The U.S. Department of Justice says the donation may have actually come from FTX founder Sam Bankman-Fried.

Sam Bankman-Fried (Tom Williams/AP)

Federal prosecutors from New York have reached out to at least one candidate or political action committee that took donations from Nishad Singh, former director of engineering at FTX, the bankrupt cryptocurrency firm founded by Sam Bankman-Fried, according to Puck, a newsletter publisher.

Among a litany of other business-related charges, the U.S. Department of Justice says Bankman-Fried made millions of dollars in donations in other people’s names using cash from customers’ accounts at FTX. Campaign finance records show that the Democratic Party of Oregon got a $500,000 donation in Singh’s name in October.

Prosecutors from the Southern District of New York sent an email to a recipient of Singh-labeled cash asking for a donor form, “a list of any disclosed information about the contributor—along with details on a record of payment, such as a check or a payment processing record, for the contribution made in Singh’s name,” writer Teddy Schleifer wrote in a Puck newsletter sent to subscribers. “The email, sent shortly after the indictment against S.B.F. was made public, asks for these records to be sent within the next week, and threatens a subpoena if necessary.”

Making donations in someone else’s name is illegal and can be punished with time in prison.

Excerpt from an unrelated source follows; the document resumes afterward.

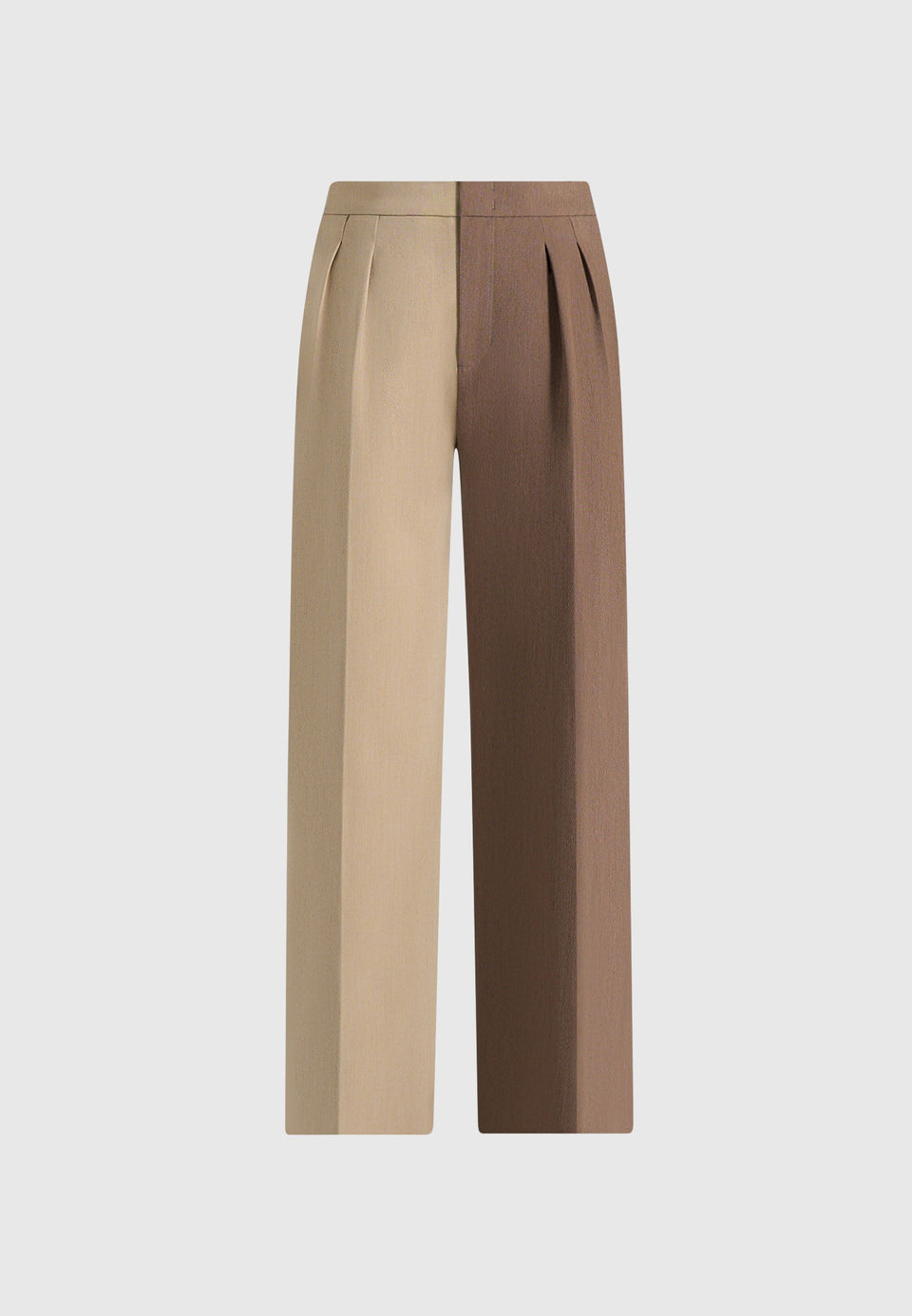 Julie - Two Tone Tailored Trousers - Taupe/Brown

Bloomberg News, citing a person familiar with the matter, reported yesterday that the U.S. DOJ is investigating Singh for defrauding FTX investors and clients. The Securities and Exchange Commission and the Commodity Futures Trading Commission are also probing Singh, Bloomberg said, citing the person.

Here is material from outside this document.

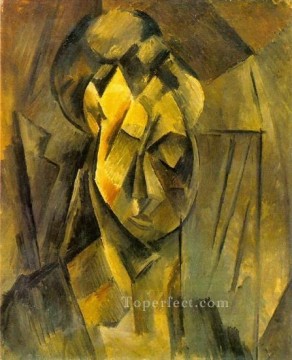 頭の女性フェルナンデ 1909 キュビスト パブロ ピカソ Oil Paintings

Oregon Secretary of State Shemia Fagan opened an investigation in November into whether the contribution to the Democratic Party of Oregon was made under a false name, questioning the DPO about the details. The DPO responded Dec. 20, and Fagan’s office is reviewing the response, spokesman Ben Morris says. The response isn’t public.

The DPO has for weeks declined to comment on the donation from Singh.

“No updates or comments at this time,” Brad Martin, executive director of the DPO, said in an email to WW this week.

Separately, Fagan plans to fine the state party for a late filing about the donation, which draws a civil penalty. The DPO amended information about the Oct. 4 contribution after the seven-day deadline, Morris says. The DPO waited until Oct. 31 to report that the money came from Singh and not from a Las Vegas cryptocurrency company called Prime Trust.

Bankman-Fried showered Democratic political candidates with cash before his Bahamas-based crypto empire crashed. Among his biggest recipients was Carrick Flynn, the political neophyte who lost a primary bid to represent Oregon’s new 6th Congressional District. A political action committee backed by Bankman-Fried spent at least $8.6 million on Flynn, marking the largest independent expenditure in any primary in the nation.

Flynn didn’t return a WW email sent to his LinkedIn account.

After his arrest, Bankman-Fried was released on bond and is confined to his parents’ house on the Stanford University campus in Palo Alto, Calif., where they are professors.